Urban Scale Building Energy & Materials Use
Cities are responsible for 67% of global energy use. Building sector accounts for considerable amount of energy consumption, contributing to adverse environmental and climate change impacts. As the consequences of climate change increase, there is an increased focus on the building sector, a major negative contributor and a major positive solution provider. Currently, the knowledge regarding building energy use at the urban scale in accordance to climate change projections is scarce. Understanding urban building energy use provides perspective about a city’s energy demand which is beneficial for climate change reduction goals and policies, design of distributed energy resources, and utility planning.
In addition to use phase energy, new materials entering into urban building stocks because of maintenance and renovation, and wastes generated as result of demolition have significant environmental impacts. Therefore, there is an expressed need to analyze material stock and material flows of existing buildings at an urban scale. Knowledge of where and what types of building materials existing in a city may allow for more sustainable maintenance, demolition, and waste management.

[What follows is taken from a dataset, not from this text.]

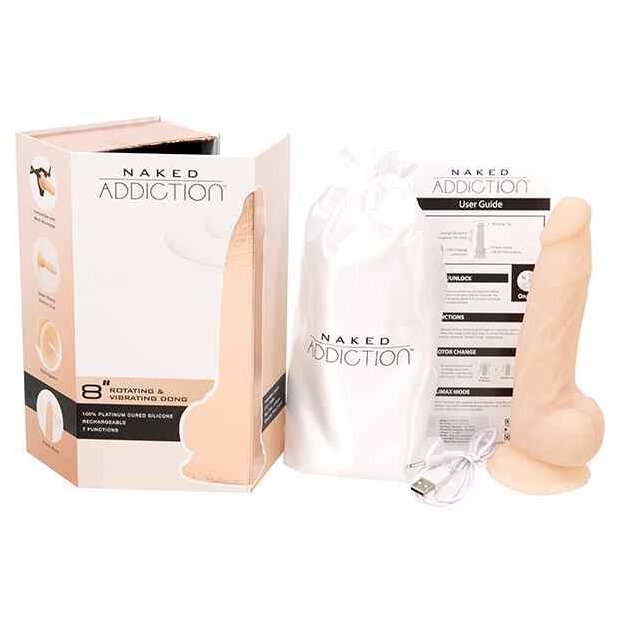 Naked Addiction Rotating & Vibrating Dong 8 Inch Vanilla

Energy Use & Climate Change
Approaches to predicting building energy use range from linear regression to advanced machine learning approaches such as random forest and extreme gradient boosting. However, disparate methods, temporal resolutions, results, and recommendations have emerged. Furthermore, integrating climate change models into building energy modeling at urban scale is limited. The goal of this research is to select a machine learning model that provides good performance on predicting annual energy use of commercial buildings. Moreover, the predictive power of this model is used in concert with climate change scenarios.
Four prediction models (multiple linear regression, regression tree, random forest, and extreme gradient boosting) were developed based on the Commercial Building Energy Consumption Survey. Comparing the mean absolute error and root mean square error of these models shows that random forest model provided better predicting performance.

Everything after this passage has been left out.